Import SSL Certificates

Establish secure access to the DuploCloud portal by importing SSL certificates and configuring them within DuploCloud.

Prerequisites

• Contact DuploCloud support: Contact DuploCloud staff via email or your private Slack channel to request the following for SSL certificate setup and configuration:

  • Security Certificate (.crt) file

  • Certificate Private Key

  • Certificate Bundle (.crt) containing the Intermediate and Root Certificates. You can download the Certificate Bundle from https://support.globalsign.com/ca-certificates/intermediate-certificates/alphassl-intermediate-certificates.

1. Generating the PFX File

Because Azure supports only PFX files for SSL certificates, you must convert the CRT file that DuploCloud provides you to PFX format.

To do this, enter the following using the command line:

openssl pkcs12 -export -out certificate.pfx -inkey <CERTIFICATE_PRIVATE_KEY>.key -in <SECURITY_CERTIFICATE_FILE>.crt -certfile <CERTIFICATE_BUNDLE>.crt

2. Importing SSL Certificates to Azure Key Vault

After you generate the PFX file, import it to Azure Key Vault:

1. Sign in to the Azure Portal and access Azure Key Vault.

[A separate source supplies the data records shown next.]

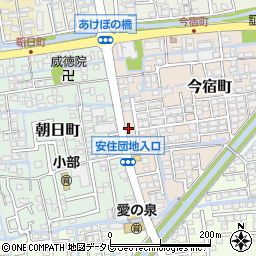 佐賀県佐賀市今宿町7周辺の地図
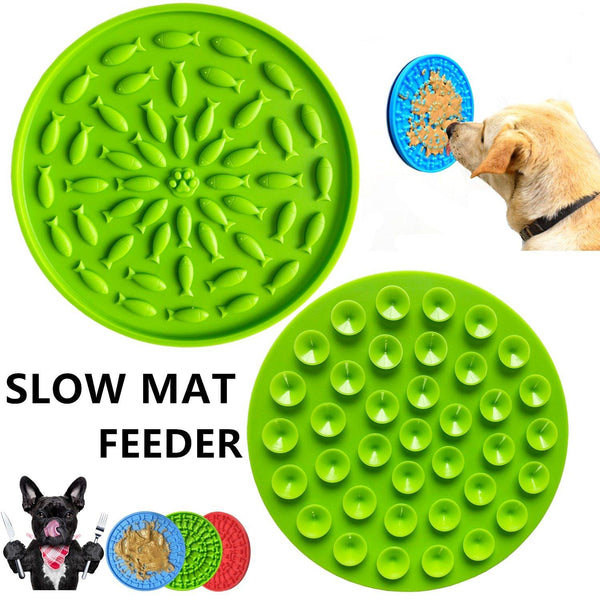 LickiMat Style Slow Feeder Mat for Dogs & Cats Prevent Indigestion and Enriches Meal Time - FastAndSafeStoreFastAndSafeStore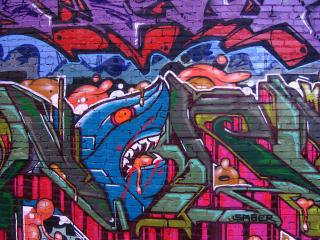 Montreal graffiti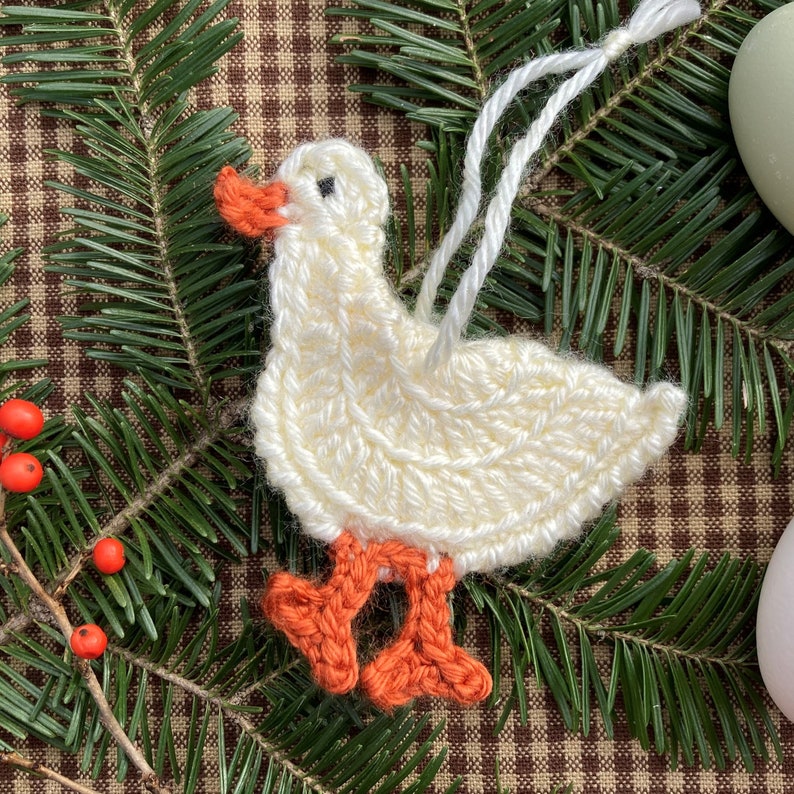 Duck Ornament 3 colors image 3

2. Select the respective Azure Key Vault for your environment (for example, production versus test) to import the PFX file as shown below.

   
3. In Azure Key Vault, navigate to Objects -> Certificates.

   
4. Click Generate/Import. The Create a Certificate form displays.

5. In the Method of Certificate Creation field, select Import.

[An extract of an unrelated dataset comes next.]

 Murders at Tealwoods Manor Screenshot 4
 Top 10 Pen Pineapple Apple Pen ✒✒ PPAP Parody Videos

6. Name the Certificate in the Certificate Name field.

7. Upload the PFX file using the Upload Certificate File field.

8. In the Password field, enter the password you set when you generated the PFX file.

   
9. Click Create. The certificate is created, but not yet available for use, as indicated by the message: There are no certificates available message. In the remaining steps, we will complete the import by copying the certificate’s Secret Identifier ARN and configuring it in DuploCloud.

   
10. On the Certificates page, select the certificate and open its current version.

    
11. Copy the Secret Identifier using the Copy Icon (). You will paste it when you configure the certificate in DuploCloud in the next step.

3. Configuring the SSL Certificate in DuploCloud

With the Secret Identifier copied to your clipboard, you are ready to configure the certificate in the DuploCloud Portal:

1. In the DuploCloud Portal, navigate to Administrator -> Plans.

2. Select the Plan to which you want to add the certificate from the NAME column. The Plan details page displays.

3. Select the Certificates tab.

   
4. Click Add. The Add a Certificate pane displays.

   
5. Enter a Name for the certificate.

6. Paste the Secret Identifier you copied from the Azure Portal into the Certificate ARN field.

7. Click Create.

4. Using the SSL Certificate for Ingress in DuploCloud (Optional)

Before attaching SSL certificates to a Kubernetes Ingress resource in DuploCloud, ensure an Azure Application Gateway is already created and configured.

Once the Application Gateway is set up, you can attach the certificate to an Ingress resource:

1. In the DuploCloud Portal, navigate to Kubernetes -> Ingress.

2. Locate the Ingress associated with the Azure Application Gateway. Click the menu icon () on that row and select Edit. The Edit Kubernetes Ingress pane displays.

3. Select the certificate from the Certificate ARN dropdown.

1. Click Update.

The SSL certificate is now attached to the Ingress and will be used by the Application Gateway for HTTPS traffic.